I soon discovered that ML was a part of programming that came under the umbrella of data science. Still, when I started to do online courses about it, I was baffled about why everything was based around statistics and probability. I thought I could just import ML into a script and away I go, a very naive view of a black-box approach. I have soon realised that ML actually is a toolbox of tools and the art in using ML is knowing what ML tool to use for the right job. Uncovering this knowledge led me to leave teaching and pursue a masters in advanced computer science, which focused heavily on data science and ML. This has now lead to me doing a PhD in human centred artificial intelligence, which I wouldn’t have ever thought would have happened, but data science is an exciting topic.
So this article is for people in the position I was in before I started my MSc, wanting to start doing ML but a bit overwhelmed with all the advice and didn’t know where to start.

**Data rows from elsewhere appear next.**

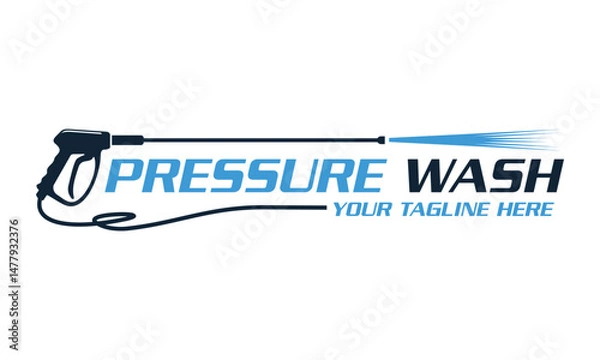 Obraz pressure wash logo design vector template illustration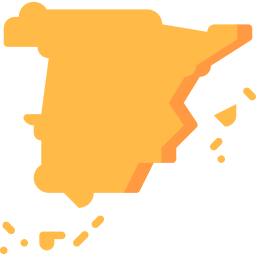 Mapa de España indicando red médica nacional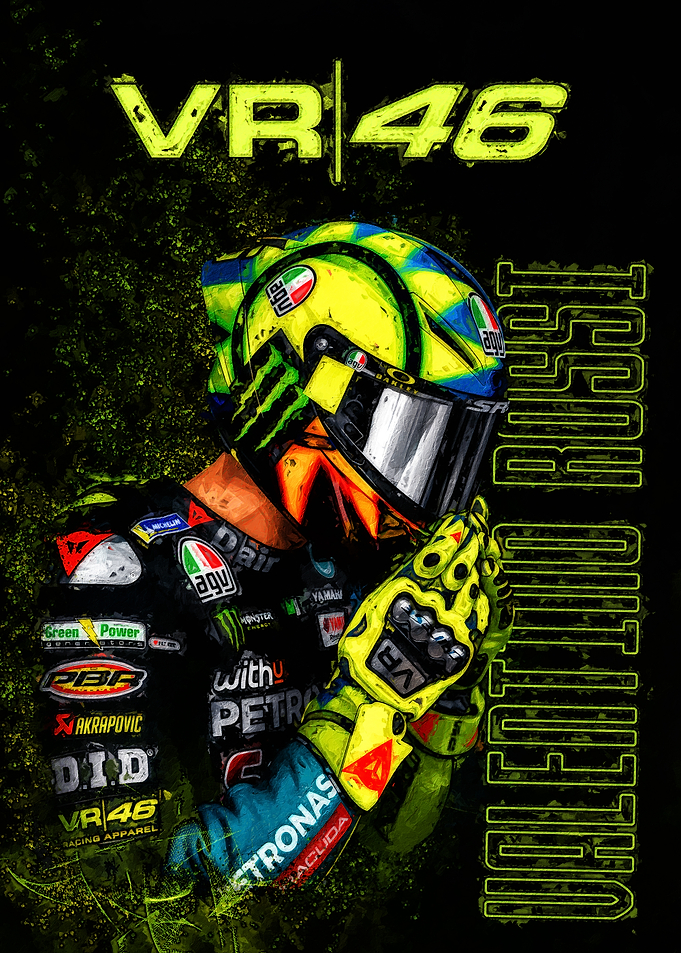 Valentino Rossi VR46 Portrait
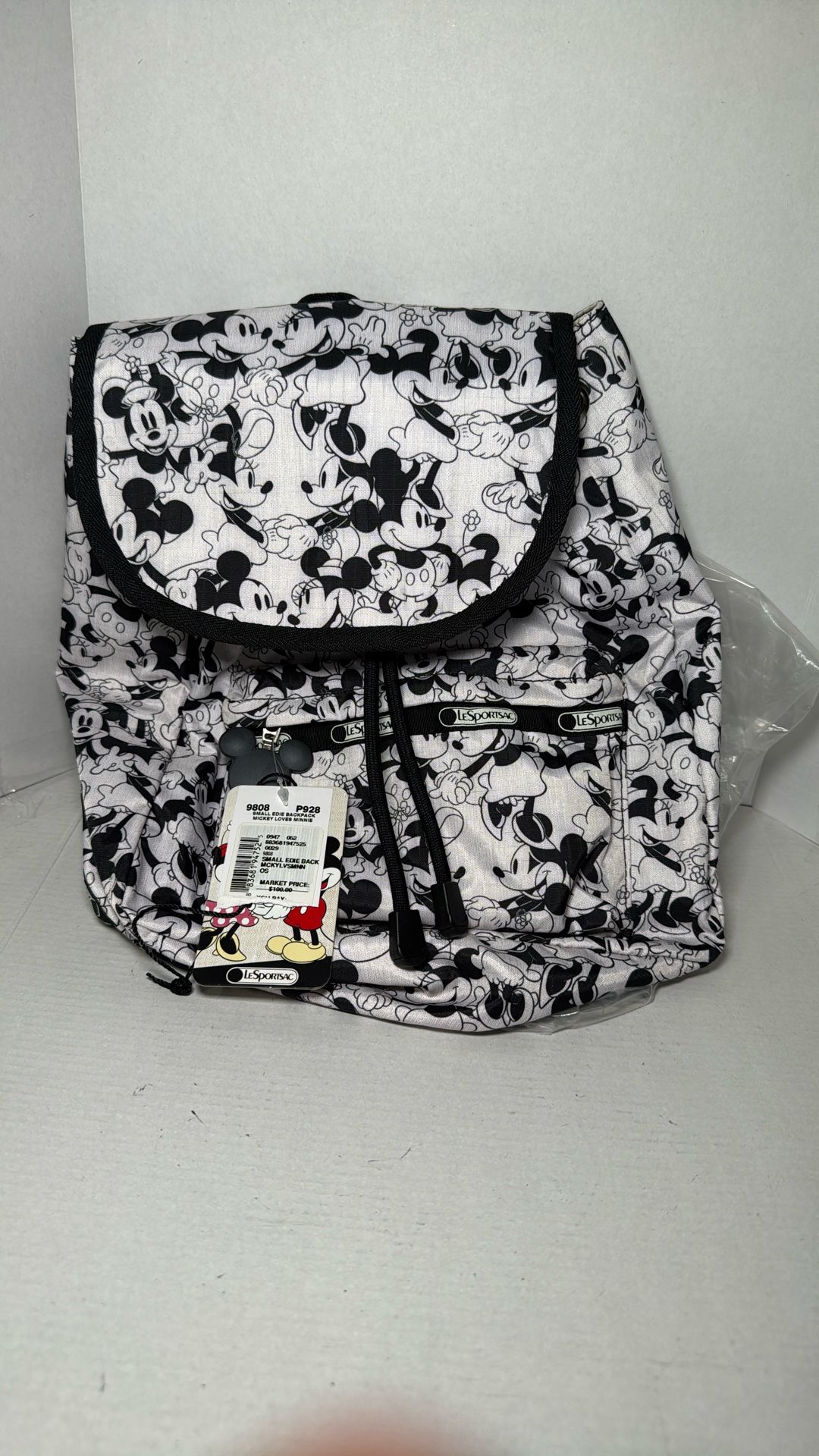 LeSportsac Mickey Loves Minnie Backpack Small Eddie Backpack 9808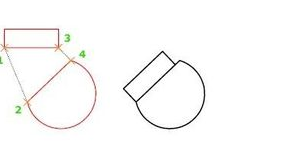 1.png CAD如何使用对齐命令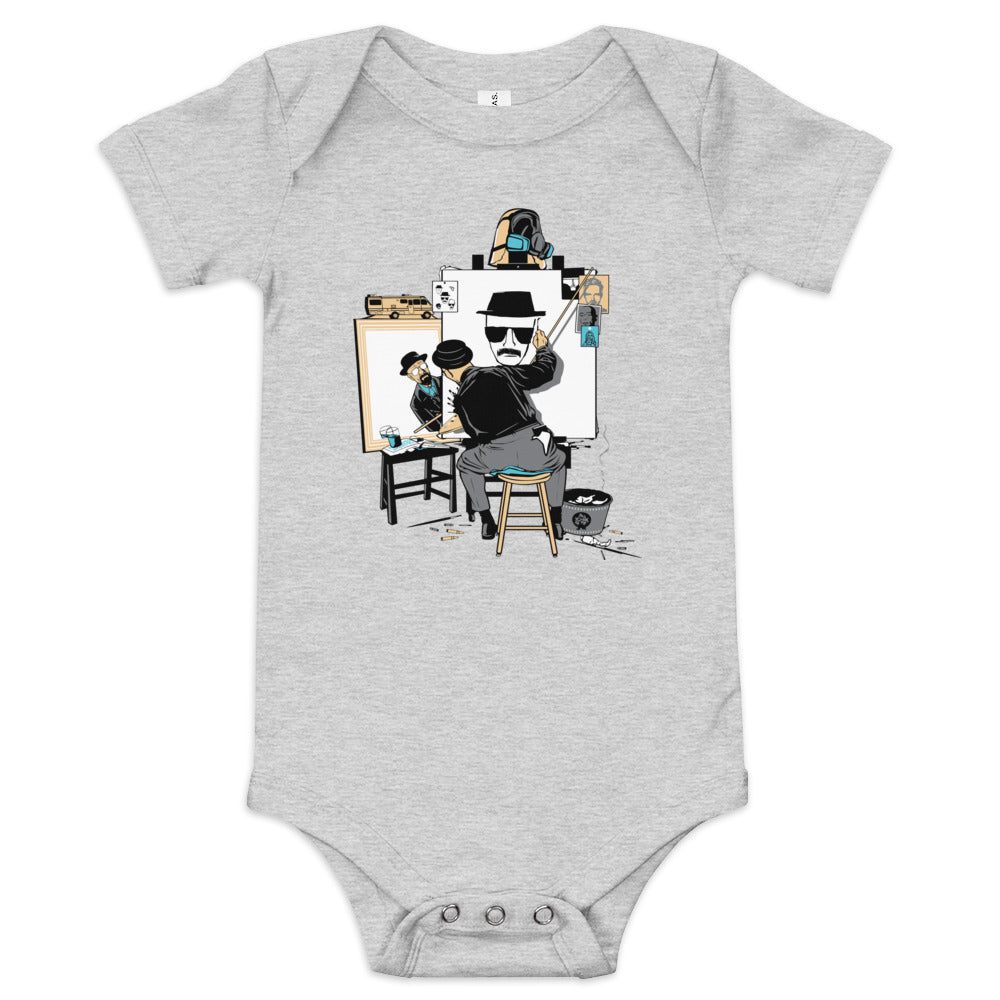 Heisenberg Self Portrait Kid's Onesie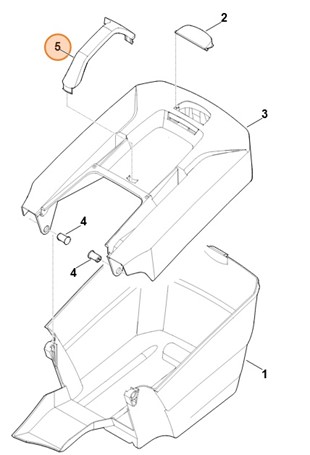 Uchwyt, Stihl 63117036600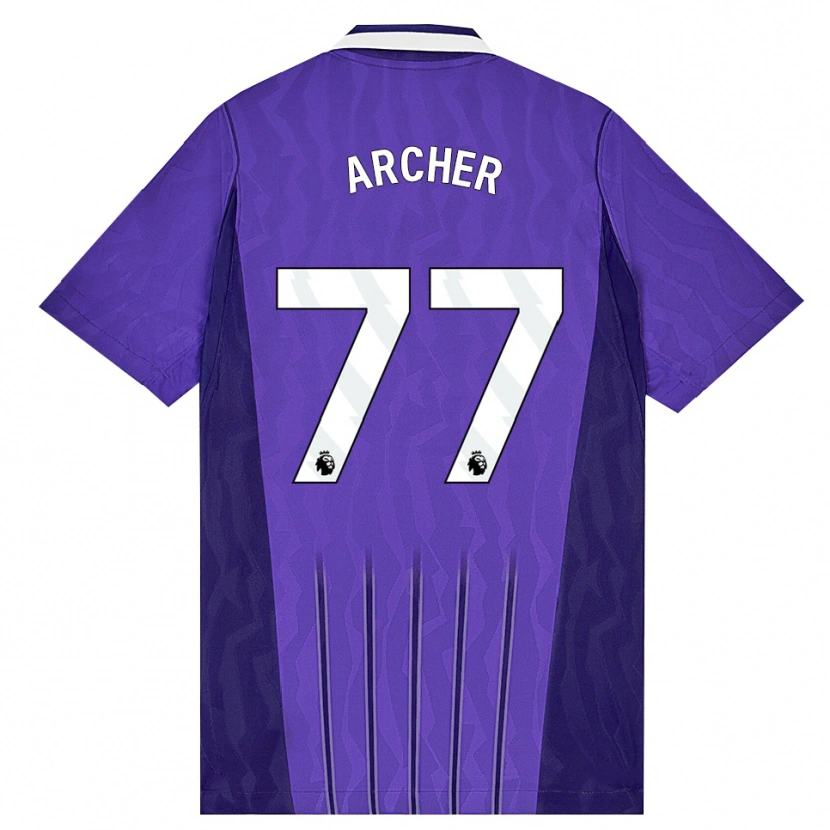Danxen Dzieci Samual Archer #77 Fioletowy Biały Trzeci Komplet Koszulka 2026/27 Koszulki Klubowe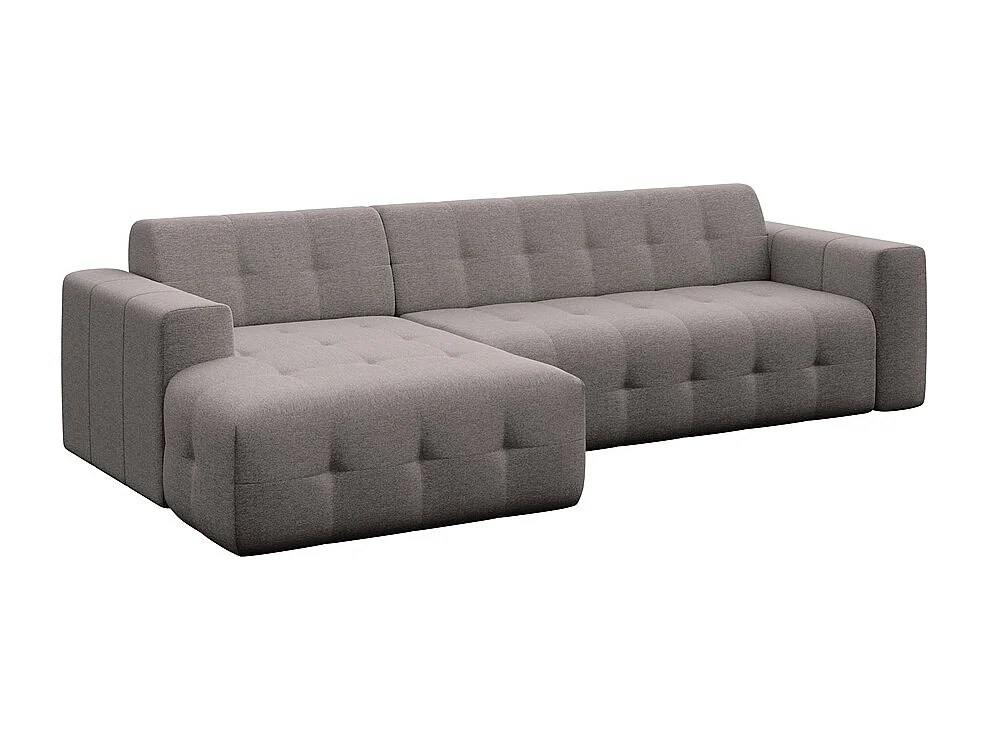 Rodier Grand Canapé d'angle gauche Tuil gris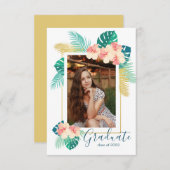 2022年金ゴールドハワイアン卒業発表 招待状 (正面/裏面)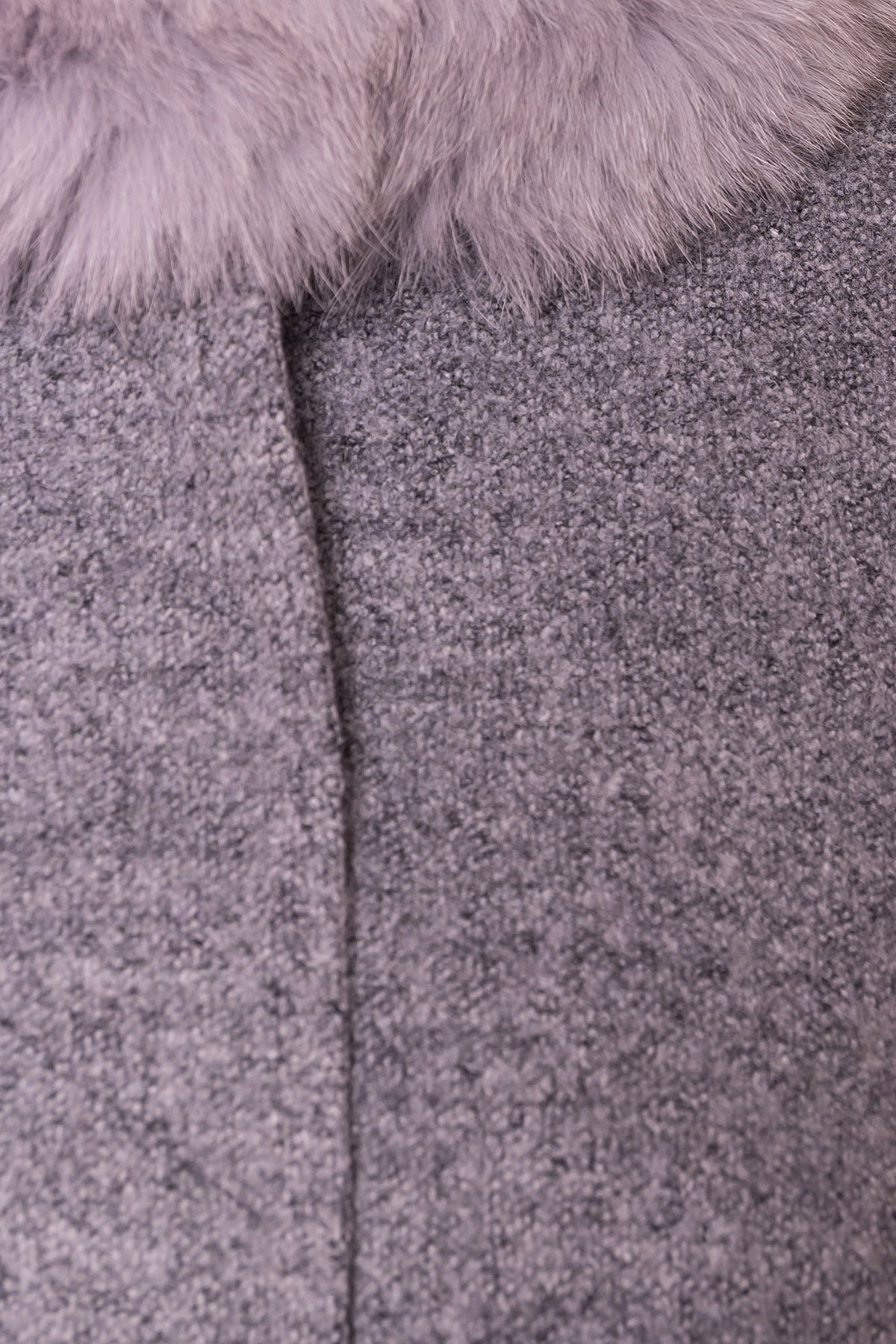 Зимнее утепленное пальто Donna Фортуна 3526 АРТ. 18074 Цвет: Серый 48 - фото 5, интернет магазин tm-modus.ru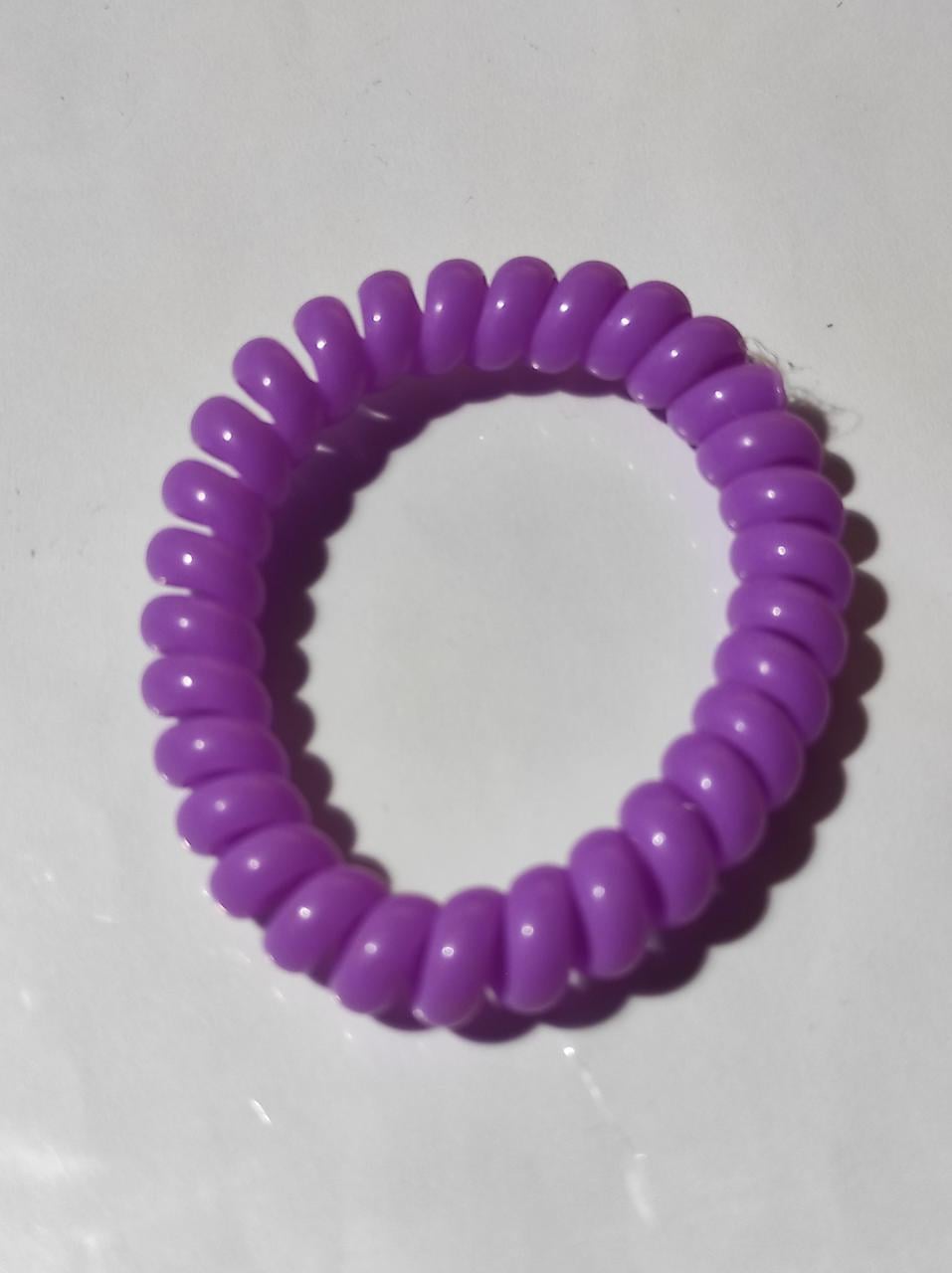 Резинка Спираль толстая 5,5 см глянцевая Фиолетовый (K7-4-1728-Ф)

This list of the critical concepts you need to know to get started but doesn’t involve the maths. From my experience, a lot of the “learn data science in X number of days”, focus a lot on the maths behind ML, while this is helpful to know, I believe it is not needed to get started. However, to master it, most definitely.
There is a lot of debate around about what programming language people should learn. Is it R or Python? In my opinion, it shouldn’t be one or the other, it should be both as they both serve their own purposes. However, for starting out, I would strongly recommend Python. It is not only because of its friendly and clear to read syntax that is often suggested but because of its vast versatility. By learning Python, you can also make desktop applications or web-based apps. It can indeed do a lot.
If you are starting from no programming experience, I suggest you start with the basics of understanding what sequential (line by line), iteration (loops) and conditions (if statements) are first. As well as know your different data types and structures. These include strings, integers, floats, lists, tuples and dictionaries. However, I would do dictionaries last as its very helpful when you start looking at handling large datasets, but it is probably the trickiest to start off with.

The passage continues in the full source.